ABU DHABI // The UAE's biggest federal university has scrapped this year's annual staff pay rise after deep cuts to its budget.
The Higher Colleges of Technology (HCT) has been in the red since 2009. The colleges are this year reportedly working with a Dh900 million budget but are likely to spend at least Dh1.1 billion.
Last year the institution, with 17 campuses in the UAE, scrapped its annual merit pay rises of 2 per cent.
Now its lecturers have lost the 4 per cent cost of living pay rise due last month. Lecturers at HCT earn an average monthly salary of about Dh20,000.
"We've not even been notified about this and we're just expected to accept it," said one staff member in Abu Dhabi, on condition of anonymity.
"They have the attitude that if we don't like it we should leave. We are treated as unskilled, disposable labour and people have had enough.
"In the time I have been with Higher Colleges of Technology, we have seen a steady decline in the pay, bonuses and working conditions at HCT."
Dr Tayeb Kamali, the vice chancellor of HCT, said the increases had been cancelled but claimed the packages still exceeded those at similar institutions in the UAE and the region.
Dr Kamali said this year's priority was equipment and resources for the colleges.
"It's just a priority of expenditure this year," he said. "It's nothing to do with us not having the budget."
When finalising pay increases, HCT studies the cost of living and predicts its available funds.
After receiving Dh333m less than its calculated budget needs - a shortfall of more than a quarter - for this academic year, HCT turned away more than 2,500 applicants.
While this was partly due to the colleges raising entry standards, sources claimed the lack of funds made it impossible to accept all applicants, as it has done previously.
HCT has places for 5,533 students across its campuses this year, more than 30 per cent fewer than last year's 8,024. The other two federal universities offered more places.
"Things have been getting tougher and tougher over recent years in terms of budget," said one staff member, who has taught at HCT for eight years and asked to remain anonymous.
"We've been given more students per class, especially for those teachers in Fujairah who have absorbed large numbers of foundation [remedial learning to bring students up to entry level] students from UAE University, yet with no additional pay to compensate for much longer hours."
Another, who has taught there for 12 years, said: "There is a feeling that the management don't actually care what we think. We are never informed or consulted on major changes and yet they expect us to keep quiet and simply be grateful for having a job.
"It's not the way to treat people who have been loyal to the institution for many years and contributed something valuable to the society."
Dr Kamali said he hoped staff would understand the priority change this year.
"It's only one year," he said. "Only two or three years ago we gave 15 per cent to account for the increased cost in living so we do treat our staff well with very good packages."

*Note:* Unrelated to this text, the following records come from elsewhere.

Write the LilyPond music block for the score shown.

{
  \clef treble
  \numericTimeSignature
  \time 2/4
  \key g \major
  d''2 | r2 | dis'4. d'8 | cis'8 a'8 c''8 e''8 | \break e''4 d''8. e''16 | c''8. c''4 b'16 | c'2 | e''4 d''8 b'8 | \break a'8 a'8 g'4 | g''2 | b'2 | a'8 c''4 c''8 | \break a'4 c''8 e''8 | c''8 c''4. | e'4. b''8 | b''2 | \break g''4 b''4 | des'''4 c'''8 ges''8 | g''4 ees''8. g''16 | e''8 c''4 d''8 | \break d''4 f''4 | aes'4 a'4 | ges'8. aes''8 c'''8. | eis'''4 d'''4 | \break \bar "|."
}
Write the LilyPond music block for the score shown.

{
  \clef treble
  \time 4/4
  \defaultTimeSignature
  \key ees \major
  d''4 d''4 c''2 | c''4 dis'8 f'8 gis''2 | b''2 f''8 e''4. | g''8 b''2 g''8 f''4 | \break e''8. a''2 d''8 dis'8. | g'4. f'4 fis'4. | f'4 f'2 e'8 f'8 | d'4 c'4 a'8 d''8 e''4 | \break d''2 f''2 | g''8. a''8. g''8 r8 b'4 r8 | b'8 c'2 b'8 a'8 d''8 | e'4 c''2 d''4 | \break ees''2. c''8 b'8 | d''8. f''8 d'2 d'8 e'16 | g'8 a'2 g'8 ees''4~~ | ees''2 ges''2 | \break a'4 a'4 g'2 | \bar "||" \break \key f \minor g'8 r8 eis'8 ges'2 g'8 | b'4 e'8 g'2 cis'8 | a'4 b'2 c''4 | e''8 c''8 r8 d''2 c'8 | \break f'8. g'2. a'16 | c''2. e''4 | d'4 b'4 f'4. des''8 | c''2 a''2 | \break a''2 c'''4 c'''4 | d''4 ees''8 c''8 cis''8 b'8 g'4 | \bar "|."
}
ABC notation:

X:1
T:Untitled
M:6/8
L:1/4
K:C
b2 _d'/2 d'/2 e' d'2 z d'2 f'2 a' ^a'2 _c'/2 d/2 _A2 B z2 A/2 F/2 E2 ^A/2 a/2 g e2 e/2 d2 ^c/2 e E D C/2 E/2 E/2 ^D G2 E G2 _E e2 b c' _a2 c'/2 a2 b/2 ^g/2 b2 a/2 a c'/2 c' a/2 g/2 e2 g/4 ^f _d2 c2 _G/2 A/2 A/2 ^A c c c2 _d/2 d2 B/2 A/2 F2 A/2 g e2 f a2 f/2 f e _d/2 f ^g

HCT, which specialises in vocational courses and training, has struggled for cash since 2005 and began overdraft borrowing in 2009.
The situation is similar at Zayed University, another of the three federal institutions. It has also had its budget cut this year, by Dh32m to 8 per cent below the required amount calculated by experts at the Ministry of Higher Education and Scientific Research.
In January, staff at Zayed University received pay rises of 2 per cent after three and a half years without an increase and despite contracts that promise an annual 5 per cent rise.
UAE University will not be freezing pay despite a Dh63m - 4.5 per cent - funding shortfall.